0

So in class we were asked to find the mean and SD for the given dataset belowenter image description here

The data set represents a sampling mean distribution for cigarettes smoked per day and no of people in each group. I could easily calculate mean using the formula as $\frac{\sum f_ix_i}{\sum f_i}$. However the question asks to find Standard deviations so does that mean for every row I need to calculate a different SD using $$\text{SE}=\frac{\sigma}{\sqrt{n}}$$. But that would be wrong as all the data sets are picked from the same population so they cant give different SDs. Also to find skewness I need to find SD of the population. Will it be just the SD of means or will it be something different?

2 Answers2

1

Remember, you're not finding $\sigma$. That's the standard deviation of the entire population. You're finding $s$, the standing deviation of the sample.

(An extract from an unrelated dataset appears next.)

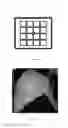 Fig. 07 - ARTICLE COMPRISING A MATERIAL WITH A COOLING FUNCTION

The formula you provided to calculate $\bar{x}$, namely $\bar{x}=\frac{\sum f_ix_i}{\sum f_i}$, is what you would use to approximate the mean of grouped data. You typically would choose $x_i$ to be the class midpoint when applying this formula to approximate $\bar{x}$.

You can actually calculate the exact value of $\bar{x}$ by multiplying the mean of a given class with its corresponding No. in group, adding up those values, and then dividing by $\sum f_i$.

You can calculate $s$ by squaring SE, multiplying by (No. in group)(No. in group $-$1), adding up those values, dividing by $\sum f_i-1$, then taking a square root.

You can approximate both of these statistics by using the first two columns of the table. But who would approximate if you can get the exact values?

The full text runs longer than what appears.